Published online by Cambridge University Press: 16 June 2023
The editors of this book want to thank all those contributors who took the time to write up their experiences of adopting community development approaches in conflict-affected environments. We particularly wish to pay tribute to local practitioners who all too often find it virtually impossible to find the time or space to record their learning. Surviving in circumstances of violent conflict can draw the oxygen out of opportunities to reflect on practice. Priorities can be overtaken by the need to manage difficult and sensitive situations in order to ensure that practice is sustainable.
We have deliberately invited contributions drawn from a range of very diverse conflict-affected environments, but sharing the impact of both state and non-state armed actors. A unique element of the community action recorded is to be able to balance between these countervailing forces and even, at times, mediate between them. This is where community development interfaces with peacebuilding – a subject that is considered in this book but that warrants more detailed examination than we have space to present. However, if there is an overriding message it is that community activism is not only possible, but very necessary, in situations of violent conflict. Similarly, peacebuilding is not merely a post-conflict strategy, it gains its credibility by being applicable both during the violence and in periods of peace negotiations. We are also conscious of the critical role that effective peacebuilding plays in working to prevent a roll-back into either authoritarianism and/ or future violent conflict.
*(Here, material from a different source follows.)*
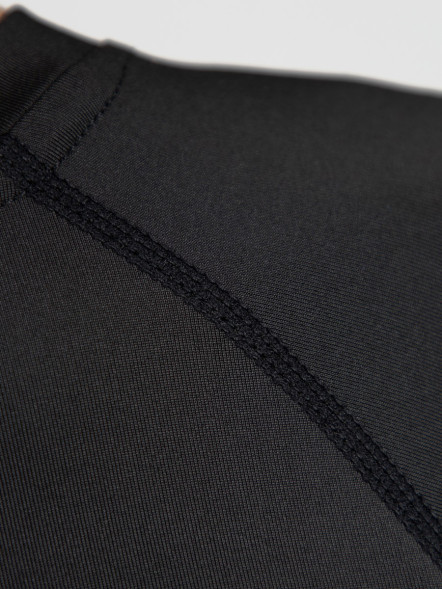 Детское термобелье (верх) FN Warm Kid Black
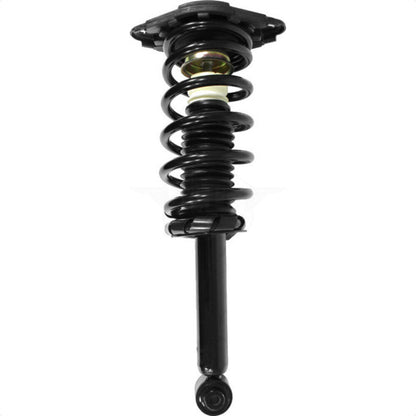 Ensemble de ressorts hélicoïdaux de jambe de suspension arrière pour Nissan Sentra 78A-15350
Alongside presenting contributions from a range of very different societies and circumstances, the editors welcome the very different perspectives presented by the authors. We do not necessarily agree with each of the analyses put forward, but we feel that it is important that readers are made aware of the various approaches adopted by different agencies and practitioners. For ourselves, we prefer approaches that are locally owned and grounded rather than programmes externally designed and/ or adopting a one-sided political perspective. However, we are also acutely aware that in conflict-riven societies, whatever community development strategy is adopted will be seen as ‘political’, whether a big ‘P’ or a small ‘p’, as so often noted by the community-based Women’s Sector in Northern Ireland.